Camp season is almost here and we are getting ready for
another wonderful and memorable summer at Camp Iroquois Springs. Our campers are starting to gather their camp
clothes and supplies and are feeling just as excited as we are for the summer
to begin. Along with this excitement may
also be some feelings of anticipated homesickness. Even campers that are truly looking forward
to camp, be it their first or fifth summer, may experience some feelings of
homesickness. Michael Thompson, Ph.D.
specializing in children and families, says that homesickness is completely
normal. “Ninety-five percent of children
experience at least a bit of homesick feelings when they are away from their
parents at summer camp”. The good news
is that these feelings do not stop the majority of campers from experiencing a
wonderful summer at camp. Campers know
that their feelings come from a place of loving their family, and that in
itself is a great comfort.
If your camper is starting to express some concerns about
missing you and the comforts of home, here are some ways to help prepare him or
her (and yourself) for opening day.
Be positive: Let your child know how much fun he or she is
going to have, trying new activities and meeting new friends. Discuss the different camp activities, and
encourage your child to get involved in all that camp has to offer. Stay away
from telling them how much you will miss them or how the summer won’t be the
same without them.
Review the Day: Discuss what a typical day at camp looks
like. The camp day may be very different
from the routine at home, so go over things like wake-up, lights out, meals,
etc… Take a look at the camp brochure
and DVD and familiarize your camper with the camp schedule. Having an idea of what to expect creates a
feeling of comfort even before camp begins.
Attend New Family
Orientation: If possible, attend
what your camp offers for new families. It’s
a great opportunity to meet key staff and get familiar with the camp grounds
and facilities. Campers will have a
chance to see the camp and meet other new campers in their division.
Encourage Reaching
Out: Let your camper know that
feelings of homesickness are normal, and that there are plenty of camp staff
they can talk to if they are feeling upset.
Reassure them that counselors are there to help them get through the
transition from home to camp. Campers
can also reach out to other campers for support, as they are most likely not
alone in missing home.
Speak with Confidence: Let your child know that you believe in them
and that they will do great at camp.
Empower them to believe in themselves and trust that in time they will feel
less homesick and have a wonderful summer.

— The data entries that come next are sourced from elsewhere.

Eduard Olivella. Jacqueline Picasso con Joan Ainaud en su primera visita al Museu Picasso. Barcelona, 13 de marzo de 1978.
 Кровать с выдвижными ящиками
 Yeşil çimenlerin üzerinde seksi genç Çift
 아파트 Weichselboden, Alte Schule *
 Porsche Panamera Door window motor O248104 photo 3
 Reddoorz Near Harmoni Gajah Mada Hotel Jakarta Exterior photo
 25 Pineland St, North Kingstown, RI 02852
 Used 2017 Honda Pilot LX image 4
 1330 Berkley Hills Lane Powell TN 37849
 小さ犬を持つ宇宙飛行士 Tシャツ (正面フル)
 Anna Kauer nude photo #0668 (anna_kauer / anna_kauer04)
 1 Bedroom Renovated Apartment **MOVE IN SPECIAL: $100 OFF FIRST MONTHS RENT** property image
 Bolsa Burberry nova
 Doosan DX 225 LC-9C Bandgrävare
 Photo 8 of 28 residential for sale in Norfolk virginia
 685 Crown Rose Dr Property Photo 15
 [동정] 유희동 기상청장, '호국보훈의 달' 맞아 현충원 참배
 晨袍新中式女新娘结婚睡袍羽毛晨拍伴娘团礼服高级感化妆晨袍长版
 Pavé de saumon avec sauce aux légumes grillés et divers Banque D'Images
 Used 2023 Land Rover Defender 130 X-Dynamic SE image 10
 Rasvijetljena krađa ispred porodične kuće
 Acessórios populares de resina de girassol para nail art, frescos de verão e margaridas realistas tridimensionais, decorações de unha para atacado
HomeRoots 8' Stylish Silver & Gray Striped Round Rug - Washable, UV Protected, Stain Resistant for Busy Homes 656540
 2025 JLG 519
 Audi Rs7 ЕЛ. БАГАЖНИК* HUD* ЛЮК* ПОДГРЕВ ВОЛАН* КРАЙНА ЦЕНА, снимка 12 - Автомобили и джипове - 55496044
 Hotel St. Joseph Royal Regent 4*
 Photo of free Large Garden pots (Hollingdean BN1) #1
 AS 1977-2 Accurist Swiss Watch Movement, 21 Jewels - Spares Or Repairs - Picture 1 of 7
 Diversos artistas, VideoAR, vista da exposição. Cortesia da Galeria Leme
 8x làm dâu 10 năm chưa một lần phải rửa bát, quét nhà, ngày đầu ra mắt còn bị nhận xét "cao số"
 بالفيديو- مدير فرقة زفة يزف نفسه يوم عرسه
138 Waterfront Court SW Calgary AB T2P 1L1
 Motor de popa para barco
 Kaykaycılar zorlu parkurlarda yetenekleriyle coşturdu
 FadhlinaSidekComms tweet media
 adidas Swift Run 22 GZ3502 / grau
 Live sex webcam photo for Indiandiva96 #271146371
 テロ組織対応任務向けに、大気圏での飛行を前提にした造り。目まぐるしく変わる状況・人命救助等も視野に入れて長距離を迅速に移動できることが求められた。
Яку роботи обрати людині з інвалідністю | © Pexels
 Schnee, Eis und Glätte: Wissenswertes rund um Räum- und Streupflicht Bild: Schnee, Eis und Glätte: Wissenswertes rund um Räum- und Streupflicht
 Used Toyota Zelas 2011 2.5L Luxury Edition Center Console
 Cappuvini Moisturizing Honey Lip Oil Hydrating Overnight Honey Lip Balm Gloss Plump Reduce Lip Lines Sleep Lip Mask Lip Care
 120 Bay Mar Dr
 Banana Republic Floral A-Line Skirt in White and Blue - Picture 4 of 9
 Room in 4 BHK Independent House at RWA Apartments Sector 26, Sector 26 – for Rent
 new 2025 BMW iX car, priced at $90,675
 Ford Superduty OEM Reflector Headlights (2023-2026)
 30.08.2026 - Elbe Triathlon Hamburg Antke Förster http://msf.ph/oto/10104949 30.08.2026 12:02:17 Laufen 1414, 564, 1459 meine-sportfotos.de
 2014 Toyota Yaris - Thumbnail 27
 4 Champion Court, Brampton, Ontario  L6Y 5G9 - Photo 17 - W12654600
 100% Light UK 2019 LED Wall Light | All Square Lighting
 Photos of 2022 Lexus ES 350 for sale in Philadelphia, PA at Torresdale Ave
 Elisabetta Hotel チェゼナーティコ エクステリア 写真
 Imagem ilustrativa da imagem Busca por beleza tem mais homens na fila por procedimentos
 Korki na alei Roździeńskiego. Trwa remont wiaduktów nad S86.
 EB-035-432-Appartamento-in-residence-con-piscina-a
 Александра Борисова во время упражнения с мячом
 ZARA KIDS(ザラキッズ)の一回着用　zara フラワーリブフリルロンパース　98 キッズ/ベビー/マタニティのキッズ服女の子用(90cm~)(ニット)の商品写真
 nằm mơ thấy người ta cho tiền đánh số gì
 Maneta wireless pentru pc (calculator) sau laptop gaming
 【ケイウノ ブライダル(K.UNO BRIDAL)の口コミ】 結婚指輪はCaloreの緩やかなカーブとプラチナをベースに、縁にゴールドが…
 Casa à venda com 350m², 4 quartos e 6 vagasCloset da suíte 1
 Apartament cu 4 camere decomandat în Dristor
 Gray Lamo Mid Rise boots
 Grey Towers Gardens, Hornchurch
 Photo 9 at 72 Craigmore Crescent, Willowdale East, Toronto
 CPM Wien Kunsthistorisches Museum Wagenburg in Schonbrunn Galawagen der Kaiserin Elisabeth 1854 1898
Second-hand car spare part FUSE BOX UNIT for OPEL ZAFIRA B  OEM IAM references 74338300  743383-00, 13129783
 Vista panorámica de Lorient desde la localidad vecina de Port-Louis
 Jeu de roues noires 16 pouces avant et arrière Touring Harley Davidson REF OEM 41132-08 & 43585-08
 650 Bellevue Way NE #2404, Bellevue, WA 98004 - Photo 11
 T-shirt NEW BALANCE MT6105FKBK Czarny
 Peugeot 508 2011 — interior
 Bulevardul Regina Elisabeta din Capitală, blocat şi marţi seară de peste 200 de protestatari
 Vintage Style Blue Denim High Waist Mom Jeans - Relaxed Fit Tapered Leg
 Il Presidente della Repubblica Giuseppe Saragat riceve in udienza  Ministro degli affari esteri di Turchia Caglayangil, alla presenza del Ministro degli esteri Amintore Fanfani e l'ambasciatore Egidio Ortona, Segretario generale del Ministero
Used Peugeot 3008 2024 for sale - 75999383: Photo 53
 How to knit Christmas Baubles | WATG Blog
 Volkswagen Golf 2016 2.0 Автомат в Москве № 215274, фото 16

Children who work through feelings of homesickness and stick it through
will feel proud of themselves and feel capable to take on other new challenges.
Keep the Letters
Coming: Send a letter (or email) to
your camper even before camp begins. This way, they will have mail waiting for them
when they first arrive, making the transition to camp a bit easier. Keep the letters coming all summer long, and encourage
your camper to write home as well. Pack
your camper with stationary and addressed stamped envelopes so they could
easily send out letters to family and friends.
Bring a Piece of Home: Have your child pack a special reminder from
home, like a favorite stuffed animal or pillow to put on their bed. Small comforts of home go a long way. Family photos are also a great way to feel
connected to loved ones.
Schedule a Sleepover: If your child has never slept outside of the
house, have them sleep at a friend’s house before camp begins. This will give
them some idea of what it is like to be away from home.
Practice Independence: If going to camp is new to your child,
practice skills like showering, brushing teeth, getting dressed and making
their bed, on their own. Being able to
take care of these basic needs independently will help your child feel more
capable and confident.
These suggestions may not take away all feelings of
homesickness, but will definitely better prepare your child for the camp
experience and help them have an easier transition to the world of camp. And don’t be surprised when the summer is
over and they express feeling “homesick” for their family and friends at camp!